Diptych: two paintings of 90 cm x 110 cm, mixed media on canvas, 2009

Seeping through the opacity of the diptych’s canvases, almost imperceptibly, the faces of two great flight pioneers: German First World War hero Manfred von Richthofen, AKA The Red Baron, and Charles Lindbergh, who manned the first solo non-stop flight across the Atlantic in 1927.

Fly Lesson

The portraits of the two airmen were taken from the emulsions of large format photocopies. They were first rubbed with charcoal and graphite, then matted with sand, glue, chalk and pigments. The faces were then “dirtied” by adding various marks and graphics, which are actually either studies in aerodynamics or directions for how to make a paper airplane. There is also a diagonal stick of red across the figure of Lindbergh, shattering the dominion of cold colours.

Matter and memory

This diptych seems informed by an upward impulse which is not, however, deployed towards the sky.
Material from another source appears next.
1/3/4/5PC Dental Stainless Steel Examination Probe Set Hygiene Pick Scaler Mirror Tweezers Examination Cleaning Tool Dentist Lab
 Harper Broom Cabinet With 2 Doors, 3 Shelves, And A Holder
The longing for elevation begins outside the canvas, with the exploits of the pioneers, and leads the viewer slowly to the bottom of a memory, suspended in time, almost mythological, offering an understanding of a sublime reality, which has its own life, and is accessed via the ambiguous gaze of the Red Baron and Lindbergh. In the background of the image, far away, the two airmen wait for someone to notice them and seek out their company, so that their absence may be shared.


These same-sized paintings are designed to be exhibited as if they were reflections of one another. The diptych invites the two main characters to dialogue in silence. It is a game that references different but similar memories, in which the concept of the flight takes on the predominant meaning of a separation from overwhelming gravity. Thus, the marks and symbols on the canvases fail in their attempts to force the pioneers to tie geometry to the immanent.